--- Entries supplied Enclosed Below ---

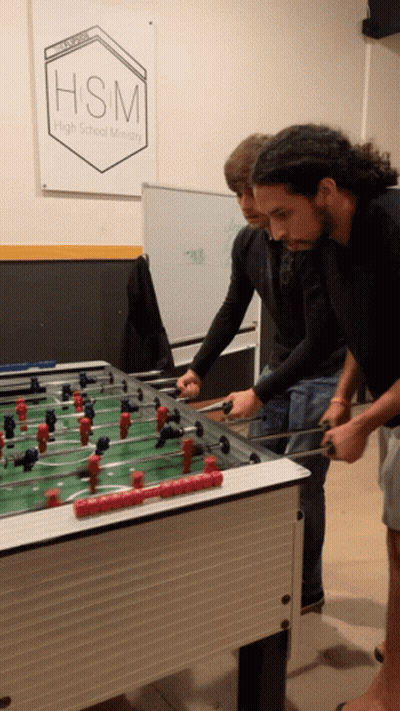 Three Men Are Playing A Game Of Foosball In Front Of A Sign That Says Hsm GIF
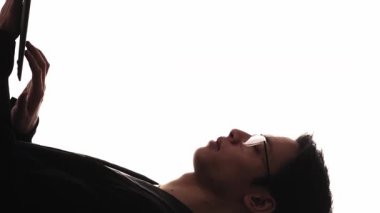 Dikey video. Çalışan siluet. Uzaktan kumanda. Dijital pazarlama. Beyaz boş arkaplanda izole edilmiş dizüstü bilgisayar kullanan kendine güvenen bir iş adamının karanlık profili..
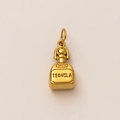 Macro detail of a 18K gold plated tequila bottle pendant with engraved text - Bottle Pendant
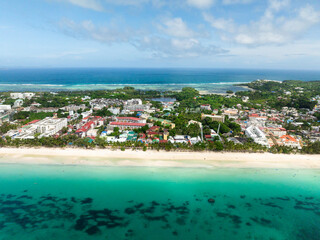 Drone view of Boracay with white sandy beaches, shops and restaurants. Island in Malay, Aklan. Philippines.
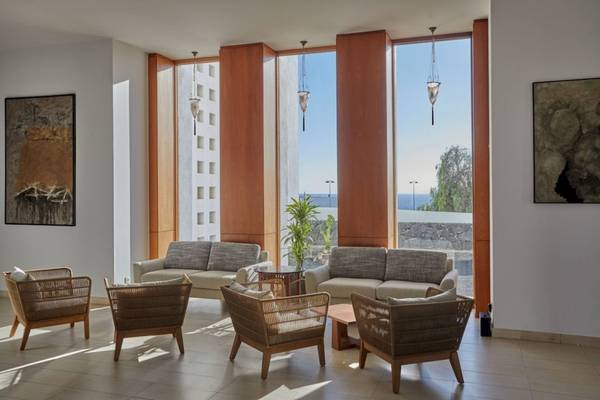 Loungebereich im Secrets Lanzarote Resort & Spa mit modernen Möbeln und großen Fenstern.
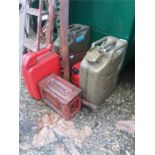 A collection of various fuel cans .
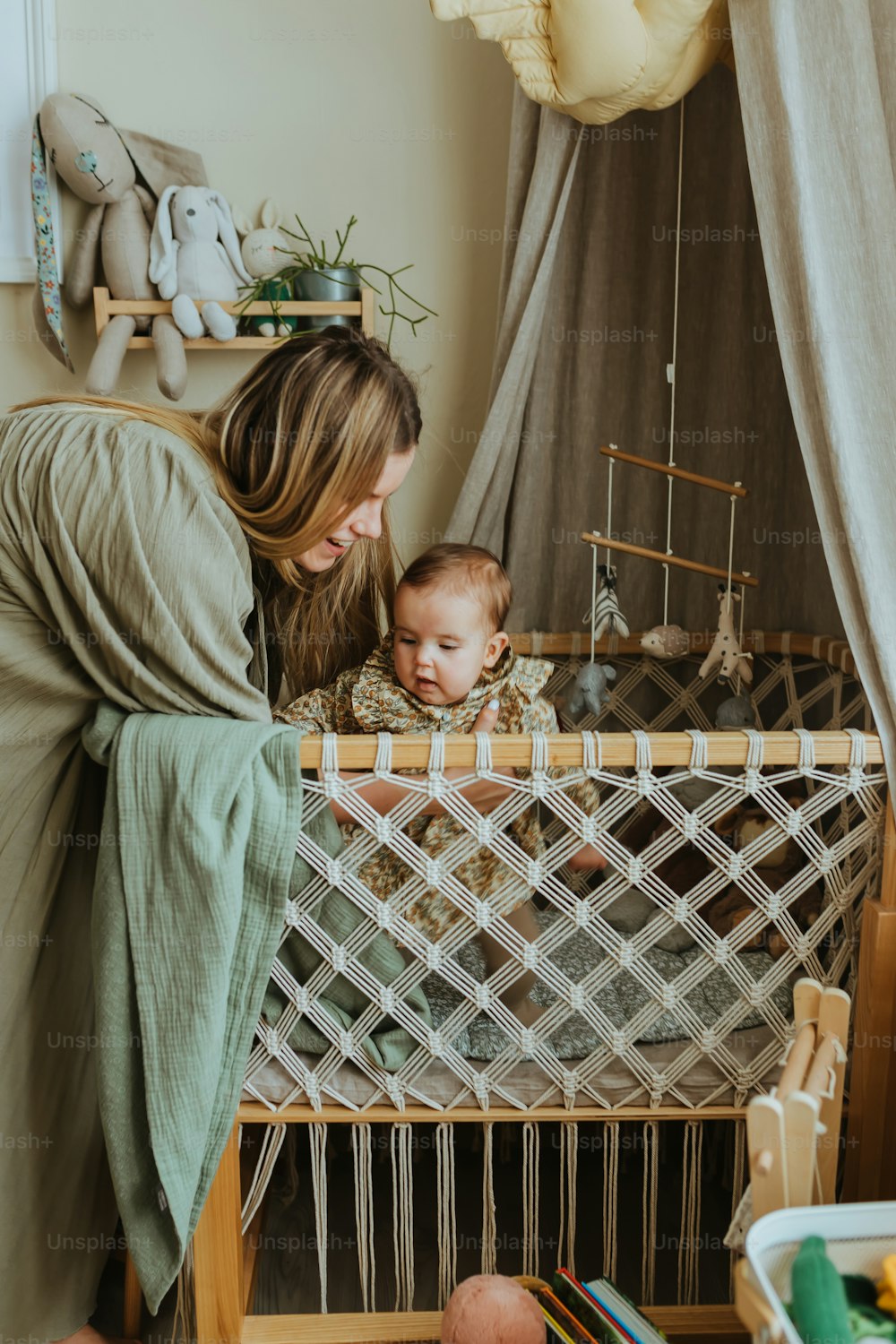 a woman holding a baby in a crib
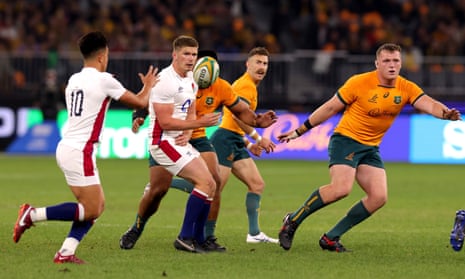 England’s Owen Farrell passes to Marcus Smith (left) during the defeat by Australia in Perth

--- End of Enclosed Entries supplied ---

Exercise directions | A word-for-word copy is needed of the lines from the line holding "Loungebereich im Secrets" through the end of the records, both included, excluding every picture.

Output of the task |
 Loungebereich im Secrets Lanzarote Resort & Spa mit modernen Möbeln und großen Fenstern.
 A collection of various fuel cans .
 a woman holding a baby in a crib
 England’s Owen Farrell passes to Marcus Smith (left) during the defeat by Australia in Perth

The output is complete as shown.